E.M, ahora de seis años, consiguió vencer a la leucemia cuando tenía tres gracias a un transplante de células de su cordón umbilical, que sus padres tuvieron la precaución de guardar después del parto, según publica la revista científica Pediatrics. Puedes descargarte aquí el informe, en pdf (inglés).

E.M desarrolló una leucemia cuando tenía tres años, y los médicos trataron de curarla con los tratamientos habituales de quimio y radioterapia.

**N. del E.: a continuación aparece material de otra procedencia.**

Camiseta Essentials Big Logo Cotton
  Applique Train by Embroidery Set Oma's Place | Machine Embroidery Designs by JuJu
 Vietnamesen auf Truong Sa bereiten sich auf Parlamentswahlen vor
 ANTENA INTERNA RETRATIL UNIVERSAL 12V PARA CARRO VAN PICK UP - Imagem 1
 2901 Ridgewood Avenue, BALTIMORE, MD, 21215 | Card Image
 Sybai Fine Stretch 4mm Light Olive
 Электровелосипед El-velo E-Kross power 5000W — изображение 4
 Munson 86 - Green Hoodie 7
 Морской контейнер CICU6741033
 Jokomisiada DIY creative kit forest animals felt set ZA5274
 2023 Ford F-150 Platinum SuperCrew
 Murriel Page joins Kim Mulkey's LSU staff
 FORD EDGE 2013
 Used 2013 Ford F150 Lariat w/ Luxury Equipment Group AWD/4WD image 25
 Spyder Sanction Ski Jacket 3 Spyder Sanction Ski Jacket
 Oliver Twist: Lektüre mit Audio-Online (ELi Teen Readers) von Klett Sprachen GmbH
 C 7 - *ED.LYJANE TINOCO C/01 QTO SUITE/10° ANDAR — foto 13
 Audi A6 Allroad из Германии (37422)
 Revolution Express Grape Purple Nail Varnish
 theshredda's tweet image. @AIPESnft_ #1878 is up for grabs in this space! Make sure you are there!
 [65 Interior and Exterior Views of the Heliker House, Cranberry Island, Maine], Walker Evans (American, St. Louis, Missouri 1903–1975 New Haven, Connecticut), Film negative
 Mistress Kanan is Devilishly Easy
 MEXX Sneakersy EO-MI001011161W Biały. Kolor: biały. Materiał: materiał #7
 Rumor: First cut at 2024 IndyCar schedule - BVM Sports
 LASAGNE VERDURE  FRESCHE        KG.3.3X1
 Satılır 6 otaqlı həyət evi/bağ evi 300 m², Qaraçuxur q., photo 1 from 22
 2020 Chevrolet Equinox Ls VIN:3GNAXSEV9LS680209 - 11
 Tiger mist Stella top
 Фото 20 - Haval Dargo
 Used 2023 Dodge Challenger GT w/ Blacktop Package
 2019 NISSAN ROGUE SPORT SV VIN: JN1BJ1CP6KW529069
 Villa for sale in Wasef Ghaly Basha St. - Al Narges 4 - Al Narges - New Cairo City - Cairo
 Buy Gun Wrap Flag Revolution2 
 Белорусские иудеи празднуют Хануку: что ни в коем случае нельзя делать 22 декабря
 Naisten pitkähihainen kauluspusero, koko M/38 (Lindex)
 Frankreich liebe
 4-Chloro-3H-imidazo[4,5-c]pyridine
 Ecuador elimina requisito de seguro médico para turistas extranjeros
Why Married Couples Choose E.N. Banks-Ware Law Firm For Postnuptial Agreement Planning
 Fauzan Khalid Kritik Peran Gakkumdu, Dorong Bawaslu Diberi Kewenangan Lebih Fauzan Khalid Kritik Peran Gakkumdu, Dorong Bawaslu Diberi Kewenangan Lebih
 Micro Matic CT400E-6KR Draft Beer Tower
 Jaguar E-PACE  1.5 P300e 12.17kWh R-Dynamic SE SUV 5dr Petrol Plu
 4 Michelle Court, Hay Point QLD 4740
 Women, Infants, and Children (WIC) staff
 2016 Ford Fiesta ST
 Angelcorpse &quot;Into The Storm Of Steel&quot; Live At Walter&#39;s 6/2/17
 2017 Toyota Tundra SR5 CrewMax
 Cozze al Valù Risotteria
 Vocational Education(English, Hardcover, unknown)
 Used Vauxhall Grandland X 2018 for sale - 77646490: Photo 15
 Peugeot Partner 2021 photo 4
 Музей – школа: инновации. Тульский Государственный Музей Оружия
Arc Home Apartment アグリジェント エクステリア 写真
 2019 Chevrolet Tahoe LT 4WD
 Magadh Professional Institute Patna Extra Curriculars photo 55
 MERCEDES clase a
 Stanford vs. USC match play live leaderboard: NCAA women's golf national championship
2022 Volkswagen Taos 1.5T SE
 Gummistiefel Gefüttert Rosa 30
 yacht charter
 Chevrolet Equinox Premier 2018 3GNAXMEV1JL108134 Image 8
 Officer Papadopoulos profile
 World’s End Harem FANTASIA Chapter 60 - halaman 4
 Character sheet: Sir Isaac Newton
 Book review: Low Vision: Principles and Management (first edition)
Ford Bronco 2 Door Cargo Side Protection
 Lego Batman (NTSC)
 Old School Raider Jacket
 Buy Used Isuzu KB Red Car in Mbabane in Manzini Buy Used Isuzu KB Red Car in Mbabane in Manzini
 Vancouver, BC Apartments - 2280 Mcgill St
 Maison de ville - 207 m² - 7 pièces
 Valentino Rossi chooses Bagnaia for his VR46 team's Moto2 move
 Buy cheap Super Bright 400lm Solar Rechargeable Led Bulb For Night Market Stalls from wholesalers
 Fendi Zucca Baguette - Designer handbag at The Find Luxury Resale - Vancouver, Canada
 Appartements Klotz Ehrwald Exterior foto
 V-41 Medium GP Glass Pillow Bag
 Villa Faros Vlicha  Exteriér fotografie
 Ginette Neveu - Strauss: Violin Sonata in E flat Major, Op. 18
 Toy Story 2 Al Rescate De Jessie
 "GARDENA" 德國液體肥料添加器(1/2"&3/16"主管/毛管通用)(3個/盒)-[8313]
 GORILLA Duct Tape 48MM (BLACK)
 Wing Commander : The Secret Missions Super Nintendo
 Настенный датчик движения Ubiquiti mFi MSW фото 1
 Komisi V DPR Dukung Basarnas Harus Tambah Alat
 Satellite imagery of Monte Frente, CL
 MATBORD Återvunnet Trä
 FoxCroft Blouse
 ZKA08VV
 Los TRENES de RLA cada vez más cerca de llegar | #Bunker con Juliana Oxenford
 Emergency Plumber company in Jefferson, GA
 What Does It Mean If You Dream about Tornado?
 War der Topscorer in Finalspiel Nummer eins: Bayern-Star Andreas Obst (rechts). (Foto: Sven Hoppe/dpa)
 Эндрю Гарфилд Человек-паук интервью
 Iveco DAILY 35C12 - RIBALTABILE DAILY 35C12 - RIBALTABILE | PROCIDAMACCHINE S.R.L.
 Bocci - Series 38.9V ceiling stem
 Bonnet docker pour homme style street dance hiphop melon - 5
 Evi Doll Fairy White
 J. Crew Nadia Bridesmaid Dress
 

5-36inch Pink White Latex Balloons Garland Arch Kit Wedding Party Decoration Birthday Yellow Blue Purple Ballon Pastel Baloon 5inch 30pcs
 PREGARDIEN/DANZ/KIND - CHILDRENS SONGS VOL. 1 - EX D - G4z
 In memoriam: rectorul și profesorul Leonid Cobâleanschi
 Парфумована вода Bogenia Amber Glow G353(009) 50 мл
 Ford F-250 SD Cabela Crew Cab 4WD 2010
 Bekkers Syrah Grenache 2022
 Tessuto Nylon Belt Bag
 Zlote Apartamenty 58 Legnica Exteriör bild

Su situación no mejoró, sino que se agravó, por lo que los médicos propusieron en 2003 a la familia trasfundir a su hija con la sangre congelada de su cordón umbilical.

Eso sí, antes había que descartar que el desarrollo de la enfermedad estuviese ligado a factores genéticos.

En este caso, las células del cordón umbilical contendrían esos mismos genes, que podrían volver a generar linfocitos enfermos.

El tratamiento fue un éxito, y E.M. está sana tres años después.

Las células limpias del 'cáncer de sangre' que contenía su cordón umbilical se arraigaron bien y comenzaron a producir linfocitos sanos. Ahora, la niña tiene seis años y conforme pasa el tiempo descienden las posibilidades de volver a desarrollar la enfermedad.

La precaución de guardar el cordón umbilical

La familia guardó el cordón umbilical por casualidad, sin planteárselo, firmando papeles junto a los habituales en la burocracia de un parto.

El médico que tomó las muestras las mantuvo a temperatura ambiente durante un día por inexperiencia.

Los padres pagaron 760 euros en una clínica estadounidense por ingresar la sangre y 65 al año por mantener congelada.

Tres años después del parto, esta preacaución salvó la vida a E.M.

Los científicos aseguran que no es un caso generalizable. Por desgracia, no todas las enfermedades de este perfil se pueden curar guardando un cordón umbilical, ya que influyen otro tipo de factores como el genético.

La regulación en España

Con todo, en muchos países no se regula la conservación de este tejido, en forma de banco nacional (como el de órganos) o dando la posibilidad a la iniciativa de clínicas privadas (como en este caso).

Algunas familias optan en este caso por irse al extranjero para conservar el cordón umbilical con células madre. Uno de los casos más sonados fue el de los Príncipes de Asturias cuando nació la infanta Leonor.

En España, el Gobierno aprobó en noviembre un decreto para que empresas privadas puedan conservar cordones umbilicales.

La regulación de estos bancos provocó el año pasadouna polémica entre el Gobierno y la Comunidad de Madrid, ya que este ejecutivo regional aprobó un decreto sobre los bancos privados de sangre de cordón umbilical, que rechazó el Ministerio de Sanidad y que, en mayo pasado, suspendió cautelarmente el Tribunal Superior de Justicia de Madrid.

Lo obvio es que, tras conocer el caso citado por Pediatrics, un vacío legal cierra la puerta de la esperanza a casos como el de E.M, que a día de hoy disfruta de una infancia feliz.